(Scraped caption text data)

---------------

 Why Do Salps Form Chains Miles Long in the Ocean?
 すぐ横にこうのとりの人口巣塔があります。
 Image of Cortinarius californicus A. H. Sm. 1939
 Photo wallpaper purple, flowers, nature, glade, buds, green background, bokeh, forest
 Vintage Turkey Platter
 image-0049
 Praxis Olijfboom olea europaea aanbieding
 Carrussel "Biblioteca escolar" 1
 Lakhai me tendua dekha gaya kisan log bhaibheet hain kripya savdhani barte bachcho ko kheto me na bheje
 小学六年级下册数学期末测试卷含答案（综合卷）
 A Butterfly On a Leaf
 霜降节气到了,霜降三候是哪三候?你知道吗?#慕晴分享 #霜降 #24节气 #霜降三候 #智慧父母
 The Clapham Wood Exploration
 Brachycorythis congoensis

---------------

WHAT THE TASK REQUIRES
Transcribe all records exactly as written.

TASK OUTPUT
 Why Do Salps Form Chains Miles Long in the Ocean?
 すぐ横にこうのとりの人口巣塔があります。
 Image of Cortinarius californicus A. H. Sm. 1939
 Photo wallpaper purple, flowers, nature, glade, buds, green background, bokeh, forest
 Vintage Turkey Platter
 image-0049
 Praxis Olijfboom olea europaea aanbieding
 Carrussel "Biblioteca escolar" 1
 Lakhai me tendua dekha gaya kisan log bhaibheet hain kripya savdhani barte bachcho ko kheto me na bheje
 小学六年级下册数学期末测试卷含答案（综合卷）
 A Butterfly On a Leaf
 霜降节气到了,霜降三候是哪三候?你知道吗?#慕晴分享 #霜降 #24节气 #霜降三候 #智慧父母
 The Clapham Wood Exploration
 Brachycorythis congoensis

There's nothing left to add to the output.